A faithful copy is needed of the lines below from the one with "Hi, this is" up to and including the one with "Now, in case"; set it down with no pictures and no other lines.

[[ DATA open ]]

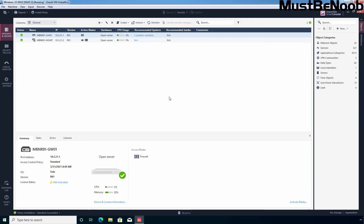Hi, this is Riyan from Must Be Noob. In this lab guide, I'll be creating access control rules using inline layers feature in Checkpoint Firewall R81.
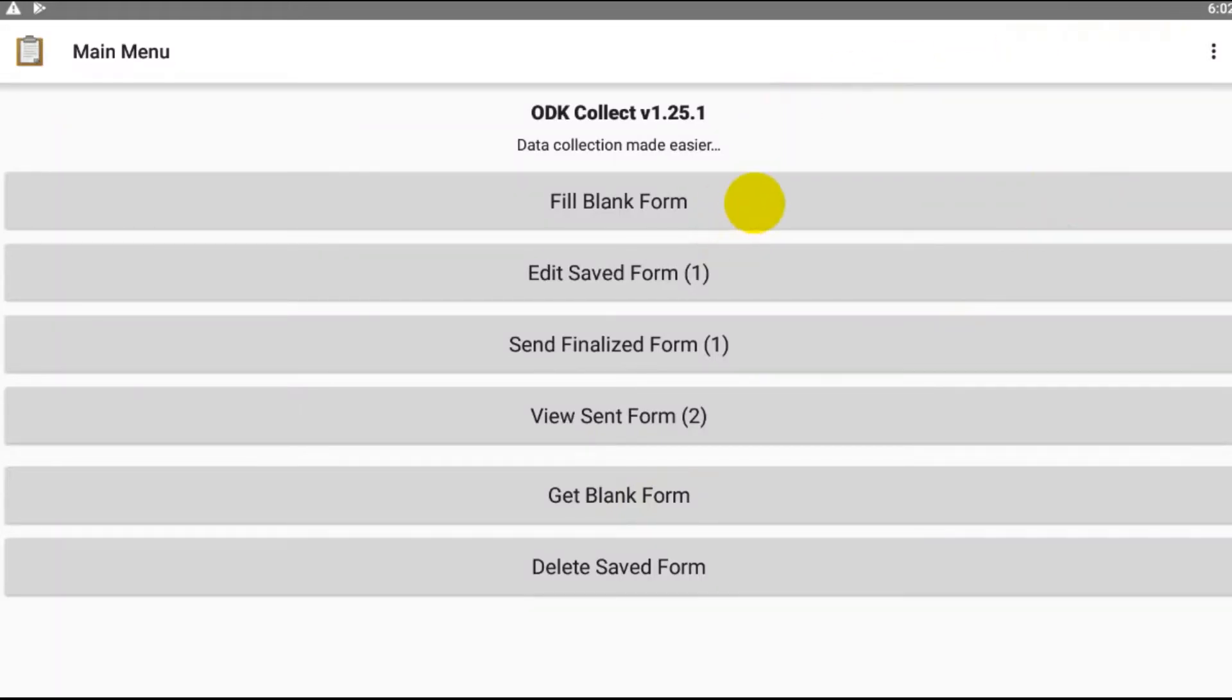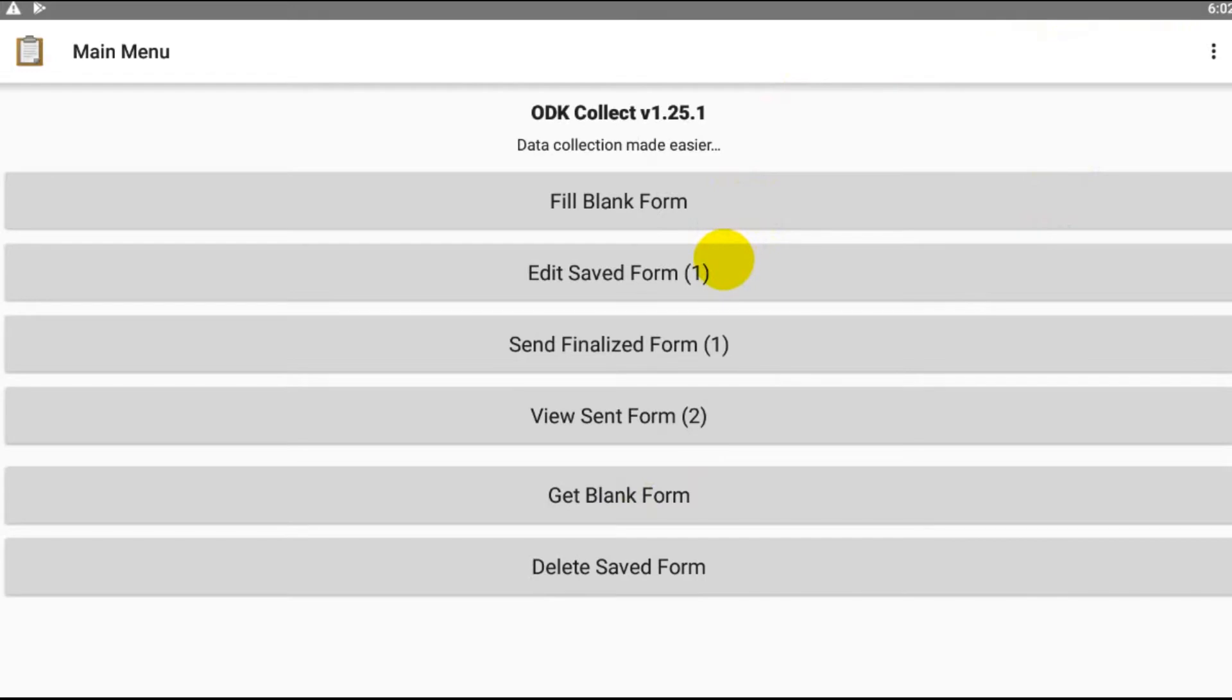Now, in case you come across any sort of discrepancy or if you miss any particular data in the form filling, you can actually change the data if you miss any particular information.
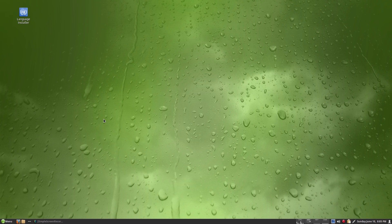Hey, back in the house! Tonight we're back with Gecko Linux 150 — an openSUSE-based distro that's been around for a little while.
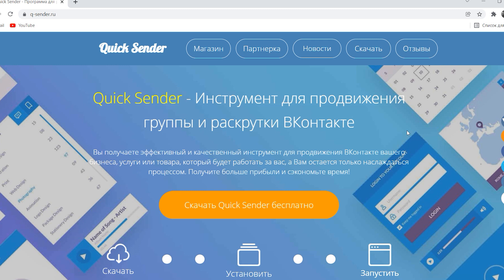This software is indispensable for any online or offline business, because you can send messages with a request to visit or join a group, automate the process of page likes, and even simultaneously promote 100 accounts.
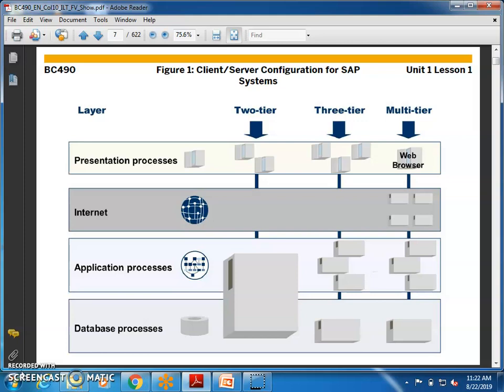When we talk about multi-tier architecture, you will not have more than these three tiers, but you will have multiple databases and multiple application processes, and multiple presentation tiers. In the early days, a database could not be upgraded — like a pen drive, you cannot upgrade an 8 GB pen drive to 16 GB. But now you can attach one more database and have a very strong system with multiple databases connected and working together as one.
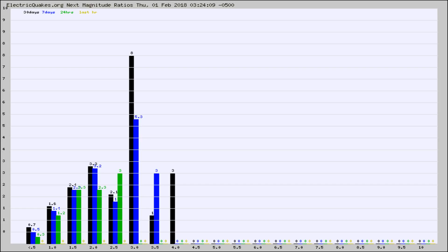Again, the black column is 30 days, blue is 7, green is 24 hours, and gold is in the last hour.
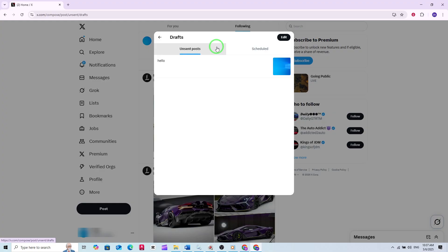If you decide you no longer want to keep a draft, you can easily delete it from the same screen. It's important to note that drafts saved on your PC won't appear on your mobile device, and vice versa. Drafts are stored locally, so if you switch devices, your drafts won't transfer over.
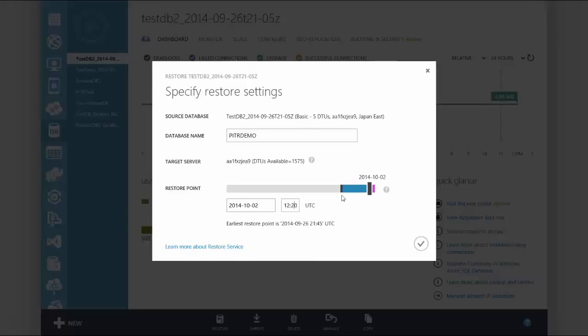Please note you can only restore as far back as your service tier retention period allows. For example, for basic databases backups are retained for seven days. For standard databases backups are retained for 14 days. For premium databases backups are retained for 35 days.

[[ DATA closed ]]
[[ DATA open ]]

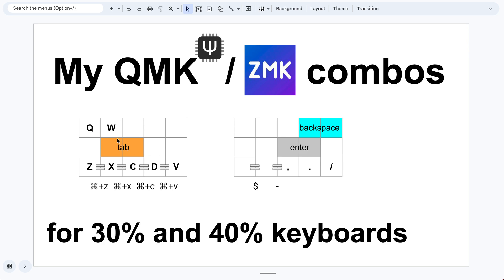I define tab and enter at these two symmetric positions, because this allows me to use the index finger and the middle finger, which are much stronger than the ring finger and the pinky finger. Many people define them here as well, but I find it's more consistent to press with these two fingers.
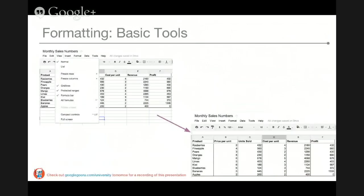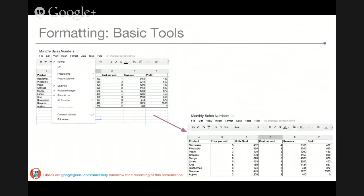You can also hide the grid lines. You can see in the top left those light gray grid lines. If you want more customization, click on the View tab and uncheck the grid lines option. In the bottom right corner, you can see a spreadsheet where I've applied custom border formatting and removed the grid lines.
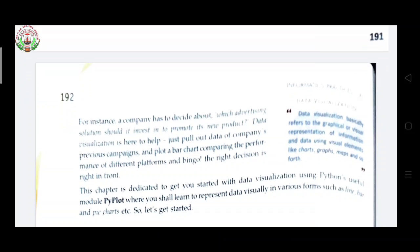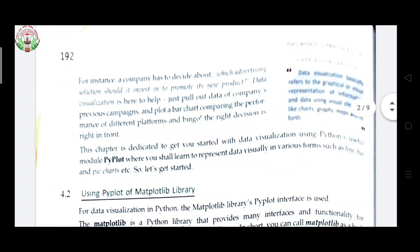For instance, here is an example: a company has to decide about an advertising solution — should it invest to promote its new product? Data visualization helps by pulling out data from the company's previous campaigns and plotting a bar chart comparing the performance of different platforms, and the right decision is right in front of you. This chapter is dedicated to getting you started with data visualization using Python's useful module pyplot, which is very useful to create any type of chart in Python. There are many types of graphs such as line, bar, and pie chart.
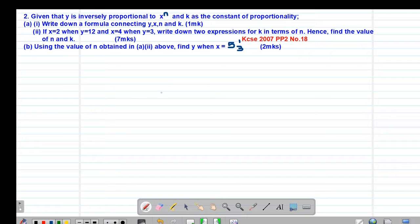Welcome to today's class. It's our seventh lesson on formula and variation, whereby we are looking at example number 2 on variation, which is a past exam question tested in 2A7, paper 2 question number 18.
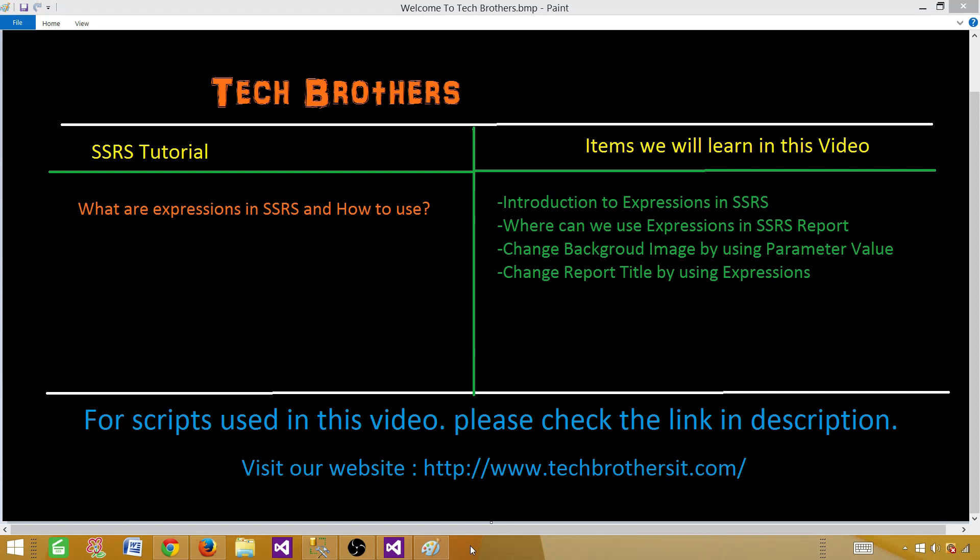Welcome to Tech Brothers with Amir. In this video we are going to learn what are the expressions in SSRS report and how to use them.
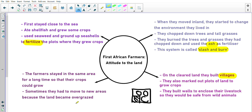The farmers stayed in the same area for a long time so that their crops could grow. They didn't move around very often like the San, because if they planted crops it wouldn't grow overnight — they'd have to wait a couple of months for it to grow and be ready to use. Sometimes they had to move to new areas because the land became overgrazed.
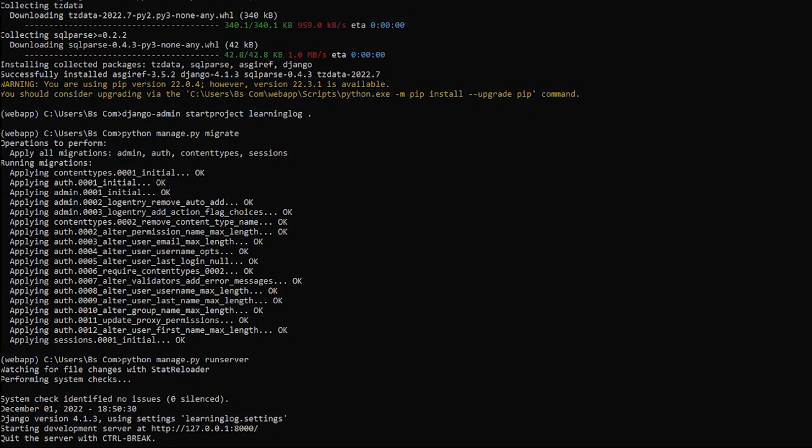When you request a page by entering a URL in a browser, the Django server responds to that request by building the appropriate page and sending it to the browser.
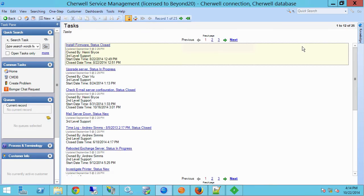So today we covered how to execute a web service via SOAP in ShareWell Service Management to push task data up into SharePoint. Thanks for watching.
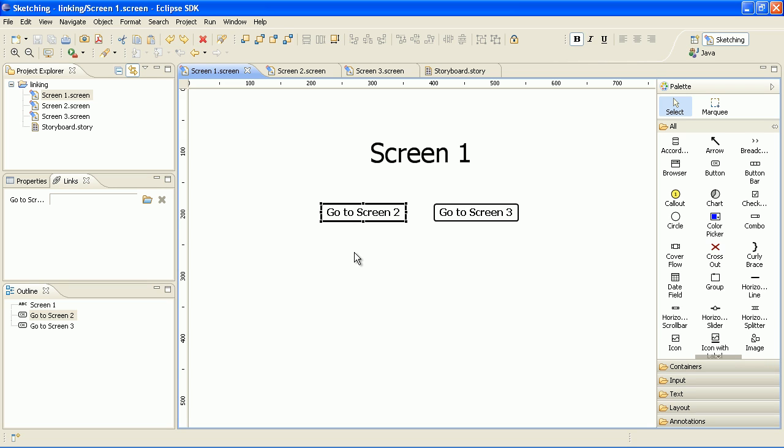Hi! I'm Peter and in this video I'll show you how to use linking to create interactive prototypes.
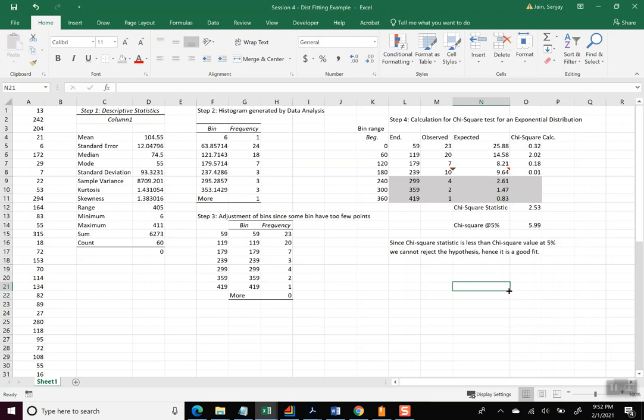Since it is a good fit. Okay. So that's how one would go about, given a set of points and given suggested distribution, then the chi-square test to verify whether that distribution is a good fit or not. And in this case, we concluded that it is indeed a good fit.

[[ DATA closed ]]
[[ DATA open ]]

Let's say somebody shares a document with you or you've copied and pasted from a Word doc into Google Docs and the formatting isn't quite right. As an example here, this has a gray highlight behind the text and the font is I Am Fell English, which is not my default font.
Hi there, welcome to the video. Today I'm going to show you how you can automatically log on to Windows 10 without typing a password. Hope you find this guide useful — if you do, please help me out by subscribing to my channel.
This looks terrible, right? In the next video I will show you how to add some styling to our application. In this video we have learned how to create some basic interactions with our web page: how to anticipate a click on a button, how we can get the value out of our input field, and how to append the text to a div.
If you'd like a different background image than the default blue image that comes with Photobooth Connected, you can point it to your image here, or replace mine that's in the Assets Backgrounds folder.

[[ DATA closed ]]

• ANSWER TO THIS EXERCISE:
Hi, this is Riyan from Must Be Noob. In this lab guide, I'll be creating access control rules using inline layers feature in Checkpoint Firewall R81.
Now, in case you come across any sort of discrepancy or if you miss any particular data in the form filling, you can actually change the data if you miss any particular information.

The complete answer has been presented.